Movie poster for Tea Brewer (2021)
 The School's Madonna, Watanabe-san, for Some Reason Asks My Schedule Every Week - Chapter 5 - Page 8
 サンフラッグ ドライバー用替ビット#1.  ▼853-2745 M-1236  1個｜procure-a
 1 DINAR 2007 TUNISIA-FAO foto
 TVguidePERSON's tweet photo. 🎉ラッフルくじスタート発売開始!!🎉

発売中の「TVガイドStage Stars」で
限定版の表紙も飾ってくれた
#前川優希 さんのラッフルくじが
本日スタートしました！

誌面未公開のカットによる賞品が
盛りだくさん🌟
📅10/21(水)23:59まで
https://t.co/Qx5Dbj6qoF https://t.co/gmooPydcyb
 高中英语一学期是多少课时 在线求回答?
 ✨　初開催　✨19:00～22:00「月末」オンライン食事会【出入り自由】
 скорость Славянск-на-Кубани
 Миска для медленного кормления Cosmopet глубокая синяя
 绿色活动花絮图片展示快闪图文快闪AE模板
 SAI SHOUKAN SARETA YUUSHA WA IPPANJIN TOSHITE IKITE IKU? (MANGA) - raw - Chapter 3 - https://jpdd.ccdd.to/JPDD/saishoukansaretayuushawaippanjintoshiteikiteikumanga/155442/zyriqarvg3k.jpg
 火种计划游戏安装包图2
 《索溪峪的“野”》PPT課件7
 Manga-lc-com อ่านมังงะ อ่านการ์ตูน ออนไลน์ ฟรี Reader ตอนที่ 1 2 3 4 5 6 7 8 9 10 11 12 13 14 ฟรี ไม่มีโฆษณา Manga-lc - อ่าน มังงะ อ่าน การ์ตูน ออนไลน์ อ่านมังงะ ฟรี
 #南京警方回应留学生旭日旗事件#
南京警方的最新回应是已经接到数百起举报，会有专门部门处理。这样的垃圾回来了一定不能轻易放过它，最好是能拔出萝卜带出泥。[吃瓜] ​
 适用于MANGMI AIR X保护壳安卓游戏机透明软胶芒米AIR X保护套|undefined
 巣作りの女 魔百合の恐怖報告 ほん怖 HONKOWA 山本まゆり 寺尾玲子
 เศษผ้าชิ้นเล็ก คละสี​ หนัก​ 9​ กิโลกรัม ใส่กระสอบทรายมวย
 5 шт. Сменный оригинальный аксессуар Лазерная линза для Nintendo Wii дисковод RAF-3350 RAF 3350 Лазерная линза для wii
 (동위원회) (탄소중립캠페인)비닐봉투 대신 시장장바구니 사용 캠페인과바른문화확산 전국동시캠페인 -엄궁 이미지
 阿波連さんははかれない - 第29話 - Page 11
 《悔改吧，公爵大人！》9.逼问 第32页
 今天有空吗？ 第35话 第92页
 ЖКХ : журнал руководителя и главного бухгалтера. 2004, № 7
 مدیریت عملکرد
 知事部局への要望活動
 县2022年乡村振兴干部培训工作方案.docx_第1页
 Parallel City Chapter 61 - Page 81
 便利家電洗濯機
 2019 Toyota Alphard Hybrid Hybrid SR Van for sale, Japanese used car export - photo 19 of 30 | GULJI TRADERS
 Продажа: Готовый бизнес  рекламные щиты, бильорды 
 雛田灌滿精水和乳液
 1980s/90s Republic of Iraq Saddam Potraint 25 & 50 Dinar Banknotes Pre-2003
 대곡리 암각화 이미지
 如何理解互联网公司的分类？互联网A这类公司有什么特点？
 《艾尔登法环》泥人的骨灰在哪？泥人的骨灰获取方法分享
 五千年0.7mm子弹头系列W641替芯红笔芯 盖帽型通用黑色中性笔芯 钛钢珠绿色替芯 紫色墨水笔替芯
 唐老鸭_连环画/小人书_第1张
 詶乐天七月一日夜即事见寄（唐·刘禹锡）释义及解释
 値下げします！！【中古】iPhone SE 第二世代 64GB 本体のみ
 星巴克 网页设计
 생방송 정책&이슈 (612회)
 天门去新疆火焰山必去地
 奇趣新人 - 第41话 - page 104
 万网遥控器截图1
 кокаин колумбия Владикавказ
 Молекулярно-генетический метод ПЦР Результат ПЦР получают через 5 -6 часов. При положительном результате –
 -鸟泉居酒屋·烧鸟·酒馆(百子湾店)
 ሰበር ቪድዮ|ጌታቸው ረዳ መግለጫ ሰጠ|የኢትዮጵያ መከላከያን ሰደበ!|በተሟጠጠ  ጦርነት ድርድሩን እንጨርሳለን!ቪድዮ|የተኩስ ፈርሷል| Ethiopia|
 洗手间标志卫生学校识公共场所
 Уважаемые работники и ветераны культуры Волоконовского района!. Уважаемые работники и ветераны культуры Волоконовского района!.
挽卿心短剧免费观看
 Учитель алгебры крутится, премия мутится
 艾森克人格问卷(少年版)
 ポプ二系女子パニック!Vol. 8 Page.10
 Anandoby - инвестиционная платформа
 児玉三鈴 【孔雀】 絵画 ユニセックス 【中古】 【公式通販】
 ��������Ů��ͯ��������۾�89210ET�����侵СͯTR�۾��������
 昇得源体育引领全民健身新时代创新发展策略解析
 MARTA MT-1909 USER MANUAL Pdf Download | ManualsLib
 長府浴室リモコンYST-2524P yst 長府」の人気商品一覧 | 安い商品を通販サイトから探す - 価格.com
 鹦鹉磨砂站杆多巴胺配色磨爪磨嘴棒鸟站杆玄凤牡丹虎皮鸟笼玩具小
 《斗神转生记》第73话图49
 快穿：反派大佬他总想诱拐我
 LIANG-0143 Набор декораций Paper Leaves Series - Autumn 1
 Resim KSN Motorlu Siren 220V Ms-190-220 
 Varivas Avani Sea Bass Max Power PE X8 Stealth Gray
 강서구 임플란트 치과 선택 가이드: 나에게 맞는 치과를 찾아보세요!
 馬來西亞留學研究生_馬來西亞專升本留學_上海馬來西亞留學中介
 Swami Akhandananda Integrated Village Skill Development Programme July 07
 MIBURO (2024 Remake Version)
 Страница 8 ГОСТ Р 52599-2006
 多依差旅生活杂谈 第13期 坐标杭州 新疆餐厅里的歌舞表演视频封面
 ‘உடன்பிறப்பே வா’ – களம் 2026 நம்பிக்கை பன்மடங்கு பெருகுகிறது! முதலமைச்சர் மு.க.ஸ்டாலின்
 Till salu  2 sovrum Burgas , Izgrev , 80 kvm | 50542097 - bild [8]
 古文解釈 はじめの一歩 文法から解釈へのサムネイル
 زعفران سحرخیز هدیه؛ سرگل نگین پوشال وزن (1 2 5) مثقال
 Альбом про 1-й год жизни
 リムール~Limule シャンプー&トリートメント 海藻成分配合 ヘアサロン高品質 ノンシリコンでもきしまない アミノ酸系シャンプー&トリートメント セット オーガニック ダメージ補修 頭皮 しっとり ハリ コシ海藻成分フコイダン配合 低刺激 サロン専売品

▶ [How to complete this task]: All the lines above need to be printed again, exactly.

▶ [Solution to this task]:
Movie poster for Tea Brewer (2021)
 The School's Madonna, Watanabe-san, for Some Reason Asks My Schedule Every Week - Chapter 5 - Page 8
 サンフラッグ ドライバー用替ビット#1.  ▼853-2745 M-1236  1個｜procure-a
 1 DINAR 2007 TUNISIA-FAO foto
 TVguidePERSON's tweet photo. 🎉ラッフルくじスタート発売開始!!🎉

発売中の「TVガイドStage Stars」で
限定版の表紙も飾ってくれた
#前川優希 さんのラッフルくじが
本日スタートしました！

誌面未公開のカットによる賞品が
盛りだくさん🌟
📅10/21(水)23:59まで
https://t.co/Qx5Dbj6qoF https://t.co/gmooPydcyb
 高中英语一学期是多少课时 在线求回答?
 ✨　初開催　✨19:00～22:00「月末」オンライン食事会【出入り自由】
 скорость Славянск-на-Кубани
 Миска для медленного кормления Cosmopet глубокая синяя
 绿色活动花絮图片展示快闪图文快闪AE模板
 SAI SHOUKAN SARETA YUUSHA WA IPPANJIN TOSHITE IKITE IKU? (MANGA) - raw - Chapter 3 - https://jpdd.ccdd.to/JPDD/saishoukansaretayuushawaippanjintoshiteikiteikumanga/155442/zyriqarvg3k.jpg
 火种计划游戏安装包图2
 《索溪峪的“野”》PPT課件7
 Manga-lc-com อ่านมังงะ อ่านการ์ตูน ออนไลน์ ฟรี Reader ตอนที่ 1 2 3 4 5 6 7 8 9 10 11 12 13 14 ฟรี ไม่มีโฆษณา Manga-lc - อ่าน มังงะ อ่าน การ์ตูน ออนไลน์ อ่านมังงะ ฟรี
 #南京警方回应留学生旭日旗事件#
南京警方的最新回应是已经接到数百起举报，会有专门部门处理。这样的垃圾回来了一定不能轻易放过它，最好是能拔出萝卜带出泥。[吃瓜] ​
 适用于MANGMI AIR X保护壳安卓游戏机透明软胶芒米AIR X保护套|undefined
 巣作りの女 魔百合の恐怖報告 ほん怖 HONKOWA 山本まゆり 寺尾玲子
 เศษผ้าชิ้นเล็ก คละสี​ หนัก​ 9​ กิโลกรัม ใส่กระสอบทรายมวย
 5 шт. Сменный оригинальный аксессуар Лазерная линза для Nintendo Wii дисковод RAF-3350 RAF 3350 Лазерная линза для wii
 (동위원회) (탄소중립캠페인)비닐봉투 대신 시장장바구니 사용 캠페인과바른문화확산 전국동시캠페인 -엄궁 이미지
 阿波連さんははかれない - 第29話 - Page 11
 《悔改吧，公爵大人！》9.逼问 第32页
 今天有空吗？ 第35话 第92页
 ЖКХ : журнал руководителя и главного бухгалтера. 2004, № 7
 مدیریت عملکرد
 知事部局への要望活動
 县2022年乡村振兴干部培训工作方案.docx_第1页
 Parallel City Chapter 61 - Page 81
 便利家電洗濯機
 2019 Toyota Alphard Hybrid Hybrid SR Van for sale, Japanese used car export - photo 19 of 30 | GULJI TRADERS
 Продажа: Готовый бизнес  рекламные щиты, бильорды 
 雛田灌滿精水和乳液
 1980s/90s Republic of Iraq Saddam Potraint 25 & 50 Dinar Banknotes Pre-2003
 대곡리 암각화 이미지
 如何理解互联网公司的分类？互联网A这类公司有什么特点？
 《艾尔登法环》泥人的骨灰在哪？泥人的骨灰获取方法分享
 五千年0.7mm子弹头系列W641替芯红笔芯 盖帽型通用黑色中性笔芯 钛钢珠绿色替芯 紫色墨水笔替芯
 唐老鸭_连环画/小人书_第1张
 詶乐天七月一日夜即事见寄（唐·刘禹锡）释义及解释
 値下げします！！【中古】iPhone SE 第二世代 64GB 本体のみ
 星巴克 网页设计
 생방송 정책&이슈 (612회)
 天门去新疆火焰山必去地
 奇趣新人 - 第41话 - page 104
 万网遥控器截图1
 кокаин колумбия Владикавказ
 Молекулярно-генетический метод ПЦР Результат ПЦР получают через 5 -6 часов. При положительном результате –
 -鸟泉居酒屋·烧鸟·酒馆(百子湾店)
 ሰበር ቪድዮ|ጌታቸው ረዳ መግለጫ ሰጠ|የኢትዮጵያ መከላከያን ሰደበ!|በተሟጠጠ  ጦርነት ድርድሩን እንጨርሳለን!ቪድዮ|የተኩስ ፈርሷል| Ethiopia|
 洗手间标志卫生学校识公共场所
 Уважаемые работники и ветераны культуры Волоконовского района!. Уважаемые работники и ветераны культуры Волоконовского района!.
挽卿心短剧免费观看
 Учитель алгебры крутится, премия мутится
 艾森克人格问卷(少年版)
 ポプ二系女子パニック!Vol. 8 Page.10
 Anandoby - инвестиционная платформа
 児玉三鈴 【孔雀】 絵画 ユニセックス 【中古】 【公式通販】
 ��������Ů��ͯ��������۾�89210ET�����侵СͯTR�۾��������
 昇得源体育引领全民健身新时代创新发展策略解析
 MARTA MT-1909 USER MANUAL Pdf Download | ManualsLib
 長府浴室リモコンYST-2524P yst 長府」の人気商品一覧 | 安い商品を通販サイトから探す - 価格.com
 鹦鹉磨砂站杆多巴胺配色磨爪磨嘴棒鸟站杆玄凤牡丹虎皮鸟笼玩具小
 《斗神转生记》第73话图49
 快穿：反派大佬他总想诱拐我
 LIANG-0143 Набор декораций Paper Leaves Series - Autumn 1
 Resim KSN Motorlu Siren 220V Ms-190-220 
 Varivas Avani Sea Bass Max Power PE X8 Stealth Gray
 강서구 임플란트 치과 선택 가이드: 나에게 맞는 치과를 찾아보세요!
 馬來西亞留學研究生_馬來西亞專升本留學_上海馬來西亞留學中介
 Swami Akhandananda Integrated Village Skill Development Programme July 07
 MIBURO (2024 Remake Version)
 Страница 8 ГОСТ Р 52599-2006
 多依差旅生活杂谈 第13期 坐标杭州 新疆餐厅里的歌舞表演视频封面
 ‘உடன்பிறப்பே வா’ – களம் 2026 நம்பிக்கை பன்மடங்கு பெருகுகிறது! முதலமைச்சர் மு.க.ஸ்டாலின்
 Till salu  2 sovrum Burgas , Izgrev , 80 kvm | 50542097 - bild [8]
 古文解釈 はじめの一歩 文法から解釈へのサムネイル
 زعفران سحرخیز هدیه؛ سرگل نگین پوشال وزن (1 2 5) مثقال
 Альбом про 1-й год жизни
 リムール~Limule シャンプー&トリートメント 海藻成分配合 ヘアサロン高品質 ノンシリコンでもきしまない アミノ酸系シャンプー&トリートメント セット オーガニック ダメージ補修 頭皮 しっとり ハリ コシ海藻成分フコイダン配合 低刺激 サロン専売品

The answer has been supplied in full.